Having read your post, I realize now that trying to keep animals on my own land would be a tough proposition if I didn't just buy the feed at the feed store.

Unknown said...

Same here, and its so frustrating waiting for a whole year to correct any mistakes. And we don't have reliable rainfall here, so growing opportunities can be every couple of years.... can you get rhodes grass or creeping blue grass? Those are the ones we try to plant, neither are native to Australia.

Leigh said...

Ed, the movable gates sound like a great idea! I understand about patents though. It seems that many inventors have had ideas stolen, even with a patent.

Nancy, thank you! I love the idea of the lotion bars. I'll have to make some myself.

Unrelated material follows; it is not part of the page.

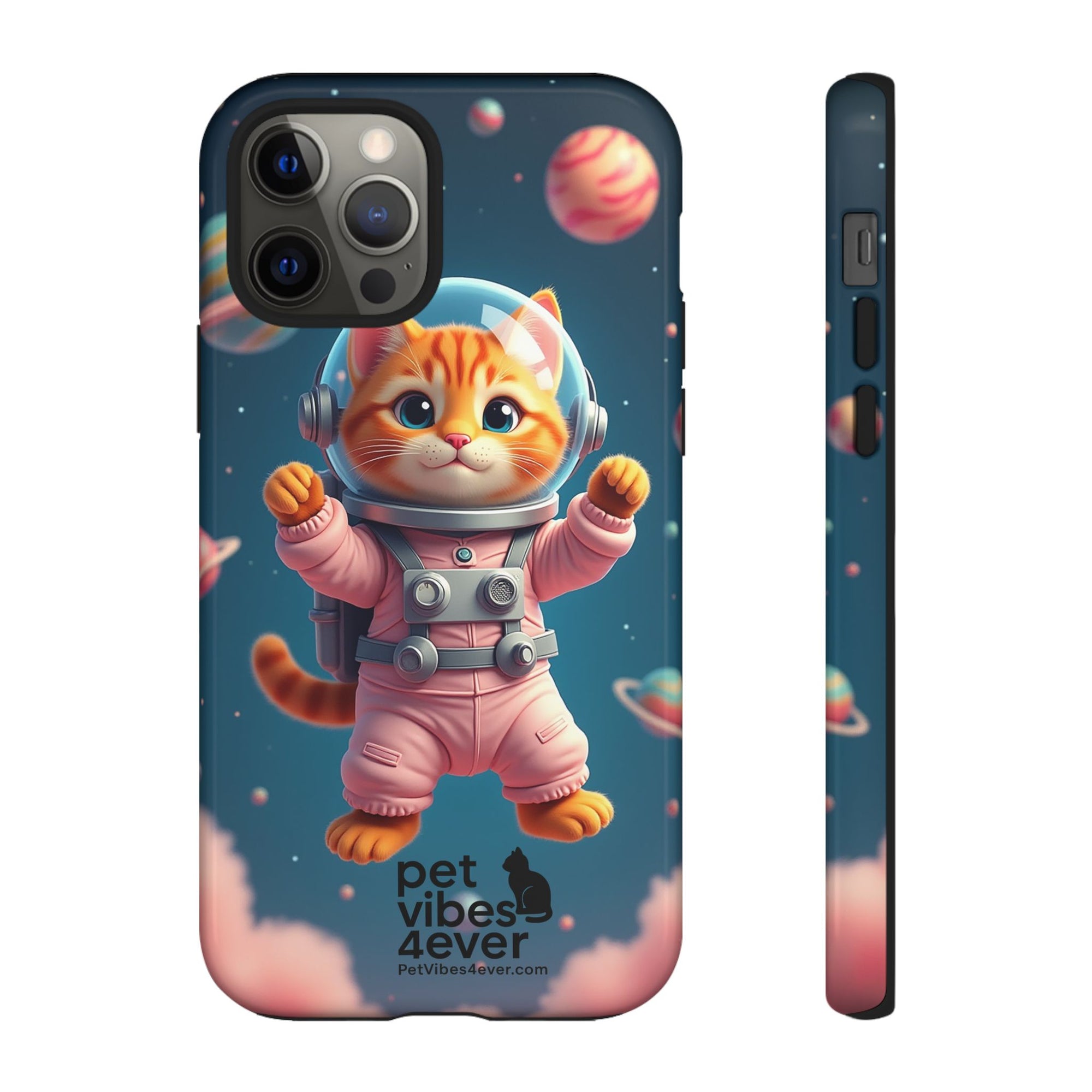 Cute Cat Phone Case, Cat Lovers Gift, Astrological Accessories, Fun Tech Gear, Space Theme Phone Cover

Kev, you are so lucky to have good grass and plenty of rain! Our rotational plan pretty much went out the window when the old pine trees started falling on our fences and smashing them. But it's helped us make the decision to do some rearranging, so that's a good thing.

M.K., it's just the way things are! Makes me wish we'd been able to start our learning and experimenting earlier in life. As it is, by the time we figure it all out we'll be too old to do anything about it. :o

Harry, that is so true about goats! They'd much rather have grain than grass. I liken grain to candy and grass to vegetables. What kid doesn't prefer candy to veggies! I'm really hoping that we can make some good improvements to our forage over the next year. I buy feed as needed, but would rather them eat what we can grow here.

Liz, I'm not familiar with either of those grasses so I looked them up. The rhodes grass has been introduced here and sounds promising. The info I read says it doesn't tolerate much cold, so I wonder if it would survive our worst winters. Nothing on the creeping blue grass. Thanks for the suggestions!

Theresa said...

As always an interesting post. Since I keep my horses and two wethers on dry lot and feed only quality hay, I have often wondered about pasture rotation. There are many companies that do extensive modeling on this BTW, some even on ticks and cows. Anyway, I digress. I think pasture management becomes much more problematic because we simply know more about animal biology. Land was more plentiful, the soil healthier with native plants, fewer animals and there were fewer people. We ate less and we ate healthier in many instances. Factory farming has tapped into animal biology and used it in a way I don't think we ever expected. Same goes with most big agricultural operations. While not speaking exactly to your post these two articles were of enough interest to me to save. You might find them interesting too.




Kathy said...

This is a question, not an answer. Have you considered sain foin
(sp)as a pasture crop? It is a legume and is supposed to be bloat free. Also is supposed to be a good honey crop. I have not tried it, but it does sound good.

Leigh said...

Theresa, excellent articles. Yes, this is exactly the kind of thing I've been researching. The key is to get carbon sequestered in teh soil and keep it there. It's exciting to see that farmers are beginning to catch on and work toward this. The results speak for themselves. Right now it seems a huge task for us, but it's the direction we're heading. Work smarter, not harder!

Kathy, I've been researching pasture plants and have sainfoin on my list! Not sure if it will grow well here, but it would be great if it did.